A nation-state cyber-espionage group linked to India has broadened its targeting beyond regional rivals in Pakistan, Afghanistan, China, and Nepal and is focused on compromising computers and networks at maritime facilities in countries as far away as the Mediterranean Sea.
The group — known variously as SideWinder, Razor Tiger, and Rattlesnake — commonly wages spear-phishing attacks using images of official-looking documents. In its latest campaigns, SideWinder has falsified documents from specific ports, including the Port of Alexandria in Egypt, with high-interest topics such as job termination and salary reductions, researchers from BlackBerry said in a newly published advisory.
While the group has typically focused on rivals closer to home and is less prolific than other cyber spies, the current campaign suggests that they have expanded their targeting, says Ismael Valenzuela, vice president of threat research and intelligence at BlackBerry.
“It’s the first time we have seen SideWinder targeting ports and maritime facilities in EMEA,” he says. “We see a lot of geopolitical turbulence and [changing] environments across the globe on a variety of issues. This often galvanizes threat groups and state-sponsors to specifically strike down critical assets, like those within the maritime industry.”

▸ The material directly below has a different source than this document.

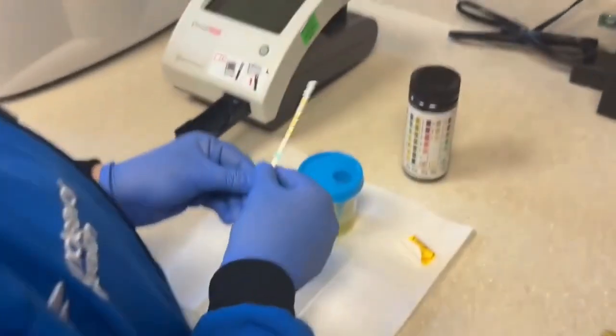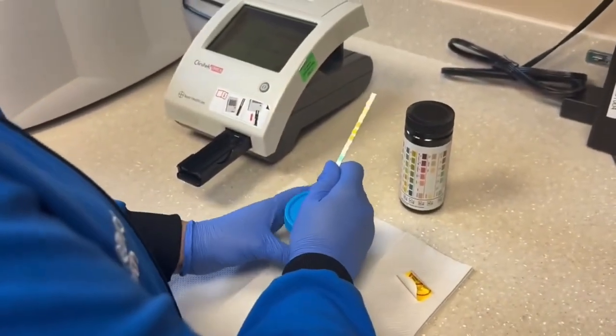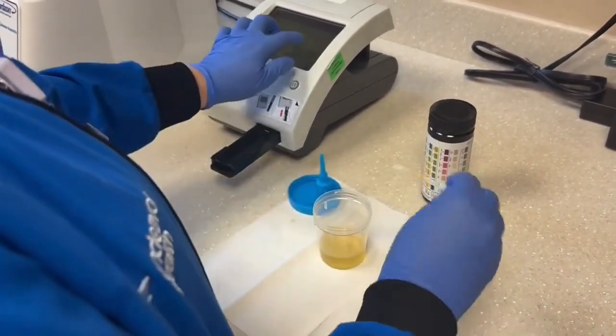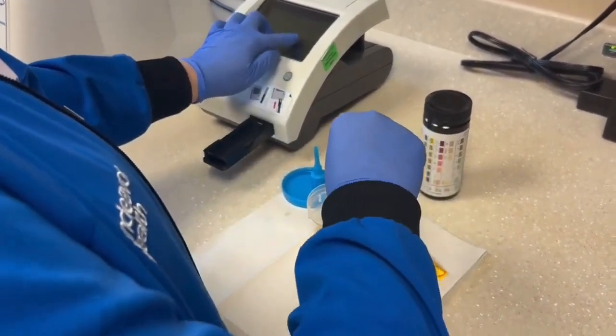Next we'll remove the lid from the urine specimen cup. Once you press start on the Clinitec, you have eight seconds to dip the strip into the cup and place it on the table.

The maritime industry increasingly has become a target of cyberattacks, posing serious danger to ships and ports. In 2019, the US Coast Guard warned shipping companies that attacks on their systems could lead to accidents and catastrophes. In the past year, following increased Chinese cyber operations against critical infrastructure including maritime systems in and around the South China Sea, various countries in the Asia-Pacific region have banded together to protect their networks and systems.
The cyber warnings also come as physical threats to shipping increase as well. Piracy off the Atlantic coast of Africa and the Arabian Sea, and among the island nations of the Asia-Pacific, has escalated, while ship malfunctions — such as the one the caused a vessel to collide with the Baltimore bridge — have become more frequent.
New Phishing Lures, Old Exploits
SideWinder has conducted attacks since at least 2012. The group is relatively sophisticated, commonly using encrypted malware samples, various obfuscation techniques, and running code in memory to avoid file scanners, according to a presentation at Black Hat Asia in 2022. From 2020 to 2022, the group conducted more than 1,000 attacks, Noushin Shabab, senior security researcher with Kaspersky, said during that presentation.
“I think what truly makes them stand out among other APT [advanced persistent threat] actors is the large tool set they have with many different malware families, lots of new spear-phishing documents, and a very large infrastructure,” Shabab said. “I haven’t seen 1,000 attacks from a single APT” from another group thus far.
However, the current cyberattacks are, in many cases, using older vulnerabilities, such as a flaw in Microsoft Office dating back to 2017. The vulnerability (CVE-2017-0199) allows remote code execution against old versions of Microsoft Office and Windows, and has been a very popular vector of attack, with more than 5,600 malware samples exploiting the issue this year, including 15 malicious samples reported from Egypt, according to BlackBerry.
Like most groups, SideWinder does not like to waste a good exploit, even if it’s seven years old, says Valenzuela.
“Why do we still see old CVEs like these exploited in the wild? Attackers know that many organizations don’t patch their Office software for many years,” he says. “This is especially common in organizations with legacy systems, which are often used in ports and maritime facilities as well as other critical infrastructure.”
BlackBerry documented the use of another very popular — and seven-year-old — vulnerability, in the Microsoft Office Equation Editor (CVE-2017-11882), with more than 9,500 samples of Office documents exploiting the issue since the start of 2024. Both of these vulnerabilities have made the Known Exploited Vulnerabilities list maintained by the Cybersecurity and Infrastructure Security Agency (CISA).
Maritime Under Attack
BlackBerry’s threat researchers discovered a variety of domains in the first and second stages of the attack that are likely evidence of their targets, including a long list in South Asia including Pakistan, Sri Lanka, Bangladesh, Myanmar, Nepal, and the Maldives. Egyptian ports appear to be the only target outside of India’s extended neighborhood.
While the country appears to be extending its reach to other regions of the world, the cyber operations are not actually targeting ports on a global scale, Valenzuela says.
“They’re certainly targeting ports in key countries where this threat actor has geopolitical interests, and that includes the Indian Ocean and the Mediterranean, [such as] Egypt,” he says. “We don’t have information about other targets in the Mediterranean Sea at this time.”
The researchers have not captured the final payload in the attacks, but based on the group’s previous actions, they believe the goal is intelligence-gathering and cyber espionage, the company stated in its advisory.